In this case, a 34-year-old woman G1P0 at 31 weeks gestation required intracranial stenting for an acute ischemic stroke. She was placed on aspirin and clopidogrel to prevent stent occlusion. The patient wished to undergo a cesarean delivery. Patients on dual antiplatelet therapy are at high risk of hemorrhage. Five days prior to the surgery, clopidogrel was replaced with cangrelor, a short-acting, reversible P2Y12 receptor inhibitor which was turned off at anesthesia induction. Surgery and the postoperative course were uncomplicated. Cangrelor was used as bridge therapy while the patient was taken off the clopidogrel and blood loss was minimized.

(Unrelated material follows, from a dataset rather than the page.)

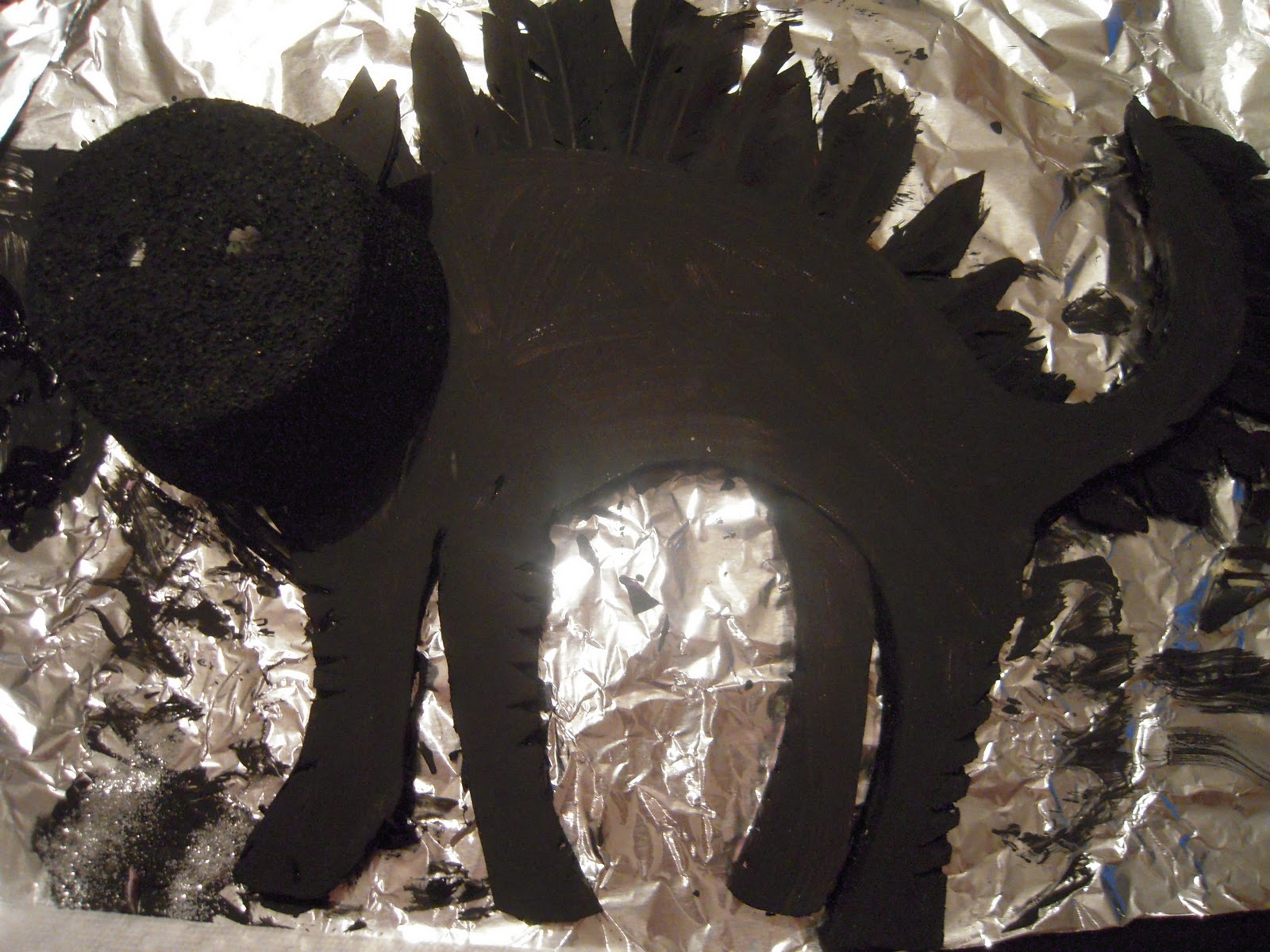 Marvelously Messy Black Halloween Cat Craft Mean Kitteh.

Ischemic stroke, Cangrelor, Clopidogrel, Pregnancy
Ischemic stroke during pregnancy is a rare event, occurring in 12.2 per 100,000 pregnancies . In the case presented here, mechanical thrombectomy was performed followed by the placement of two stents. The stents used were designed for coronary use. In the early days of coronary stents, risk of re-thrombosis was 25% within 14 days without dual antiplatelet therapy . To prevent clotting of these stents, the patient was placed on clopidogrel and aspirin with the goal being to keep the patient on these drugs for 6 months. For a pregnant patient, this dual antiplatelet regimen could result insignificant bleeding upon delivery. A few reports exist of pregnant women with coronary stents on clopidogrel. In these reports, clopidogrel was stopped a day before a planned delivery [3,4]. Despite stopping the drug, these patients lost half of their blood volume on delivery. In this case, a new, reversible P2Y12 receptor inhibitor was used to bridge the patient off clopidogrel so that she would not experience massive blood loss. HIPPA authorization was obtained for this case report.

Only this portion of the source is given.